Rotating works from storage, this refresh of the main gallery space shows the range of Sodi’s painting and sculpture, with the focus on large canvases in black and white and spheres and cubes in clay.


ADRIÁN S. BARÁ AND CORBAN WALKER

Focus Gallery

The intervention of Adrian S. Bará, Music for Changes / Music for Changes, painted indigo on drywall, poses a temporary tension between the ancestral practice of dyeing based on the Jiquilite plant, to obtain the indigo color, and the prefabricated plaster panel , of daily use in contemporary architecture. On this support, his large-format drawing suggests a bodily and choreographic gesture but also musical and urban graphics.

“Corban Walker Bosco’s Grid” is part of a series of acrylic sculptures made between 2012 and 2022. Over the decade, he used the extruded amber material (sometimes mixed with other colors) to articulate his perception of scale, derived from a visual height of 129cm. He combined an organization of rules with his physical orientation. The mathematical rules analyze such variables in condensed formations, while deliberately stretching the capacity of assemblage and one’s perspective of gravity.

He is interested in the contradiction of fabricating transparent sculptures that present a partial view of its entity. Experiencing a partial engagement with an object or overcoming an obstructed views by structures found in a defined space are arenas for how we respond to physical environments, in very specific ways. This body of work provides a means for navigating a room or space with an added awareness of viewer’s own presence.


BERNAR VENET

Out Front

Indeterminate Hypothesis continues the artist’s lifelong, process-based investigation into the mathematical and philosophical implications of the line. A contemporary of Donald Judd, Dan Flavin, and Sol LeWitt, Venet has concentrated his artistic practice on the complex relationship between an object’s conceptual framework and its materiality for over six decades.
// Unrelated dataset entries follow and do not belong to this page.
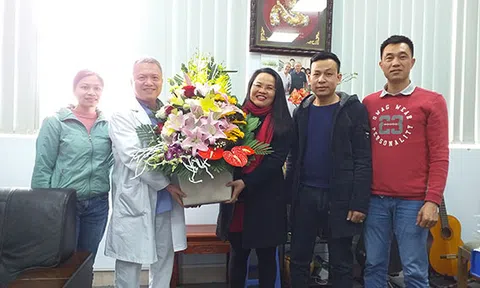 Lãnh đạo Tạp chí Pháp lý thăm, chúc mừng tập thể Y, Bác sĩ Bệnh viện E ( Hà Nội)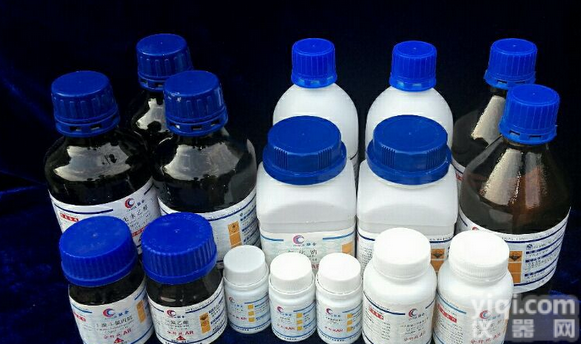 1000ml  0.1M<em>草酸钠</em>标准<em>滴定</em><em>溶液</em>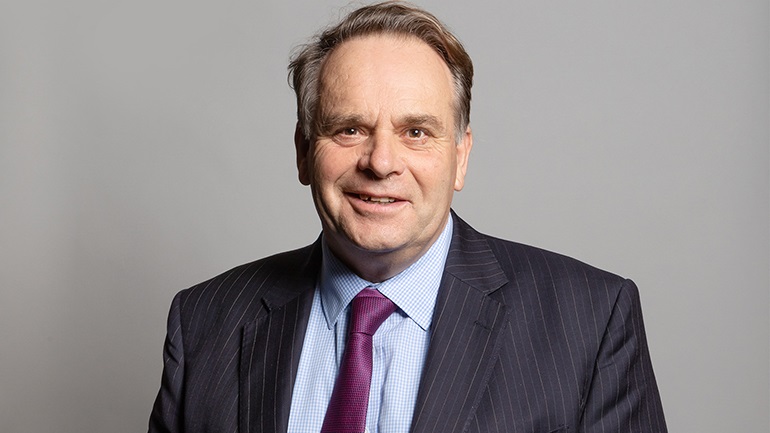 Μ. Βρετανία: Παραιτήθηκε ο βουλευτής των Συντηρητικών που έβλεπε πορνό στο Κοινοβούλιο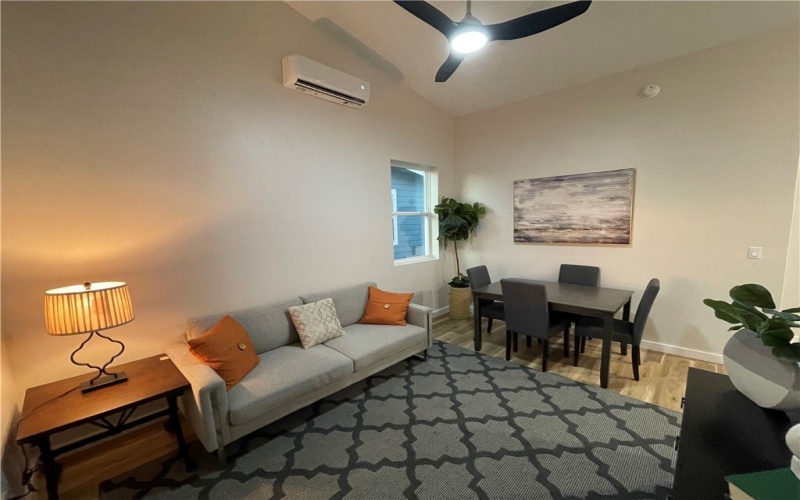 2351 W Market Street unit: 4 #4, Rockport, TX 78382, 2 Bedrooms Bedrooms, ,1 BathroomBathrooms,Residential,For Sale,2351 W Market Street unit: 4,445844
The five abstract Indeterminate Lines consist of spiraling rolls of steel that sit, balanced or stacked in novel compositions, on the gallery floor. As well as manifesting the concept of the line as an object—playful, antic, and unpredictable—the series from which these works emerge explores and demonstrates the limits of material resistance. Venet’s physical manipulation of raw bars of steel into unscripted configurations of between one and six elements demands gargantuan effort and reveals the relationship between artist and material as both a collaboration and a battle of will. The resulting configurations of tightly wound, inextricable loops of industrial material “open a doorway to fundamental principles such as indeterminacy, chance, accident, unpredictability, chaos and, even, incompleteness,” says the artist.
Bernar Venet first gained recognition in the 1960s for the development of his Tar Paintings, Cardboard Reliefs, and his iconic Pile of Coal, the first sculpture without a specific shape. The year 1979 marked a significant turning point in Venet’s career: having recently begun a series of wood reliefs—Arcs, Angles, and Straight Lines—he created the first of his Indeterminate Lines and was awarded a grant by the National Endowment for the Arts.


With 9 Acute Unequal Angles, Venet persists in his argument and went so far as to assert that science and mathematics were to become the content of his work. Drawing a straight line was not interpretive. It was not a lyrical expression about surface space. For Venet, it was more about the line itself. The artist’s recent large-scale steel angles seem consistent with arcs in that they are arranged in groups, often close together, with random spatial intervals, almost always with the same number of degrees within the acute angle as within the circumference of a circle. One could say that this has always been the question Venet has sought in his work, even as the question perpetually moves through various angles of vision.